(Items listed in a dataset)
★ ★ ★ ★ ★ ★ ★
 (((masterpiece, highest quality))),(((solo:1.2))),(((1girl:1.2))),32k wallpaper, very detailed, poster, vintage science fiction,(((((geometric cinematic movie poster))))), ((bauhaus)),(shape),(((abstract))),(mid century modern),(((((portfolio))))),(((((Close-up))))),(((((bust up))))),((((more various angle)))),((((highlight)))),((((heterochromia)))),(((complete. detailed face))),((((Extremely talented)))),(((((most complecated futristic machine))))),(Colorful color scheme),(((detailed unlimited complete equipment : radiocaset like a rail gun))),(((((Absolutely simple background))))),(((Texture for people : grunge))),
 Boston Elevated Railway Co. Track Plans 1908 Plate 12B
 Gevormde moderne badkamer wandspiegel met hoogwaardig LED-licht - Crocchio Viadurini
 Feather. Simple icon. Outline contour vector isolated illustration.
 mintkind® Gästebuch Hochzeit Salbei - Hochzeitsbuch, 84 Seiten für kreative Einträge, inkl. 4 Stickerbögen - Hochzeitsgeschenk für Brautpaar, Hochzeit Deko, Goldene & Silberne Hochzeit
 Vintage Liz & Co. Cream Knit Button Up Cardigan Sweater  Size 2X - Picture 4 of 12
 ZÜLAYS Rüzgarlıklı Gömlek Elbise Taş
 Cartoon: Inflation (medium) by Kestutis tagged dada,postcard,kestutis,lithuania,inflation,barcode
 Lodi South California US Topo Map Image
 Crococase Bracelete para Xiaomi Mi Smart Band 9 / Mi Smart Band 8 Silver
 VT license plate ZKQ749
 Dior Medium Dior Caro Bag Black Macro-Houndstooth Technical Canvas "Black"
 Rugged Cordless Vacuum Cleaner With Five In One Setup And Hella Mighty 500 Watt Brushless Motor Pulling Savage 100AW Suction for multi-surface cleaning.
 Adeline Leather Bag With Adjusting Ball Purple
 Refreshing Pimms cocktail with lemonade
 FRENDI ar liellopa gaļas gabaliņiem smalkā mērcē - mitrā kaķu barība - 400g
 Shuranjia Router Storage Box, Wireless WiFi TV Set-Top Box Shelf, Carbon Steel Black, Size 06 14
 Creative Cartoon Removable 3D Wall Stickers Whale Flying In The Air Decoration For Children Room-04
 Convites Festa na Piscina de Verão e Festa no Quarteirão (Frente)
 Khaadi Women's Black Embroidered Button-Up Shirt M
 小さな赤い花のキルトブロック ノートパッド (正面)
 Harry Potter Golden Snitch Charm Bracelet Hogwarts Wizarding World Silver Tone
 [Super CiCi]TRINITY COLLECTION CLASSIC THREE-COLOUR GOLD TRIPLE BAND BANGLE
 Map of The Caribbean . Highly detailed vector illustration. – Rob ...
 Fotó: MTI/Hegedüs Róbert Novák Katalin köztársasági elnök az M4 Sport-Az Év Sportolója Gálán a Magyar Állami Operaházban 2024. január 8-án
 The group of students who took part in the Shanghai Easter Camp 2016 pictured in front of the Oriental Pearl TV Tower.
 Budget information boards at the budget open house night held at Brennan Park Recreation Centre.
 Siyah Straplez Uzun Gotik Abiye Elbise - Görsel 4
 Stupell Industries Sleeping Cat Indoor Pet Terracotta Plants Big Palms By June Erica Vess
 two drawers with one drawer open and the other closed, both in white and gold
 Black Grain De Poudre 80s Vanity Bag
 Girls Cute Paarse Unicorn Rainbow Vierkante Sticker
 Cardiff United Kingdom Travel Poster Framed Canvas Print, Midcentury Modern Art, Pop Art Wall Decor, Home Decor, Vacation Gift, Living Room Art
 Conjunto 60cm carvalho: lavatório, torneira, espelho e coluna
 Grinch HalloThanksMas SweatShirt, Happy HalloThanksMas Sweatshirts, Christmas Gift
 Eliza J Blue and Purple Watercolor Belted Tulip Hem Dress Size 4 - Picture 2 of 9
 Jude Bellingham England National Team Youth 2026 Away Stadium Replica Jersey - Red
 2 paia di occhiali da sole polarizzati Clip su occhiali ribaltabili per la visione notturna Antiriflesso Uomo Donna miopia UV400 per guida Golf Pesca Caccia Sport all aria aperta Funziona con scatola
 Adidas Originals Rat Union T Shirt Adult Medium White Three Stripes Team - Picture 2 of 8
★ ★ ★ ★ ★ ★ ★
__What to work on__.
Copy the records above, keeping every word the same.

__Solution to the problem__.
 (((masterpiece, highest quality))),(((solo:1.2))),(((1girl:1.2))),32k wallpaper, very detailed, poster, vintage science fiction,(((((geometric cinematic movie poster))))), ((bauhaus)),(shape),(((abstract))),(mid century modern),(((((portfolio))))),(((((Close-up))))),(((((bust up))))),((((more various angle)))),((((highlight)))),((((heterochromia)))),(((complete. detailed face))),((((Extremely talented)))),(((((most complecated futristic machine))))),(Colorful color scheme),(((detailed unlimited complete equipment : radiocaset like a rail gun))),(((((Absolutely simple background))))),(((Texture for people : grunge))),
 Boston Elevated Railway Co. Track Plans 1908 Plate 12B
 Gevormde moderne badkamer wandspiegel met hoogwaardig LED-licht - Crocchio Viadurini
 Feather. Simple icon. Outline contour vector isolated illustration.
 mintkind® Gästebuch Hochzeit Salbei - Hochzeitsbuch, 84 Seiten für kreative Einträge, inkl. 4 Stickerbögen - Hochzeitsgeschenk für Brautpaar, Hochzeit Deko, Goldene & Silberne Hochzeit
 Vintage Liz & Co. Cream Knit Button Up Cardigan Sweater  Size 2X - Picture 4 of 12
 ZÜLAYS Rüzgarlıklı Gömlek Elbise Taş
 Cartoon: Inflation (medium) by Kestutis tagged dada,postcard,kestutis,lithuania,inflation,barcode
 Lodi South California US Topo Map Image
 Crococase Bracelete para Xiaomi Mi Smart Band 9 / Mi Smart Band 8 Silver
 VT license plate ZKQ749
 Dior Medium Dior Caro Bag Black Macro-Houndstooth Technical Canvas "Black"
 Rugged Cordless Vacuum Cleaner With Five In One Setup And Hella Mighty 500 Watt Brushless Motor Pulling Savage 100AW Suction for multi-surface cleaning.
 Adeline Leather Bag With Adjusting Ball Purple
 Refreshing Pimms cocktail with lemonade
 FRENDI ar liellopa gaļas gabaliņiem smalkā mērcē - mitrā kaķu barība - 400g
 Shuranjia Router Storage Box, Wireless WiFi TV Set-Top Box Shelf, Carbon Steel Black, Size 06 14
 Creative Cartoon Removable 3D Wall Stickers Whale Flying In The Air Decoration For Children Room-04
 Convites Festa na Piscina de Verão e Festa no Quarteirão (Frente)
 Khaadi Women's Black Embroidered Button-Up Shirt M
 小さな赤い花のキルトブロック ノートパッド (正面)
 Harry Potter Golden Snitch Charm Bracelet Hogwarts Wizarding World Silver Tone
 [Super CiCi]TRINITY COLLECTION CLASSIC THREE-COLOUR GOLD TRIPLE BAND BANGLE
 Map of The Caribbean . Highly detailed vector illustration. – Rob ...
 Fotó: MTI/Hegedüs Róbert Novák Katalin köztársasági elnök az M4 Sport-Az Év Sportolója Gálán a Magyar Állami Operaházban 2024. január 8-án
 The group of students who took part in the Shanghai Easter Camp 2016 pictured in front of the Oriental Pearl TV Tower.
 Budget information boards at the budget open house night held at Brennan Park Recreation Centre.
 Siyah Straplez Uzun Gotik Abiye Elbise - Görsel 4
 Stupell Industries Sleeping Cat Indoor Pet Terracotta Plants Big Palms By June Erica Vess
 two drawers with one drawer open and the other closed, both in white and gold
 Black Grain De Poudre 80s Vanity Bag
 Girls Cute Paarse Unicorn Rainbow Vierkante Sticker
 Cardiff United Kingdom Travel Poster Framed Canvas Print, Midcentury Modern Art, Pop Art Wall Decor, Home Decor, Vacation Gift, Living Room Art
 Conjunto 60cm carvalho: lavatório, torneira, espelho e coluna
 Grinch HalloThanksMas SweatShirt, Happy HalloThanksMas Sweatshirts, Christmas Gift
 Eliza J Blue and Purple Watercolor Belted Tulip Hem Dress Size 4 - Picture 2 of 9
 Jude Bellingham England National Team Youth 2026 Away Stadium Replica Jersey - Red
 2 paia di occhiali da sole polarizzati Clip su occhiali ribaltabili per la visione notturna Antiriflesso Uomo Donna miopia UV400 per guida Golf Pesca Caccia Sport all aria aperta Funziona con scatola
 Adidas Originals Rat Union T Shirt Adult Medium White Three Stripes Team - Picture 2 of 8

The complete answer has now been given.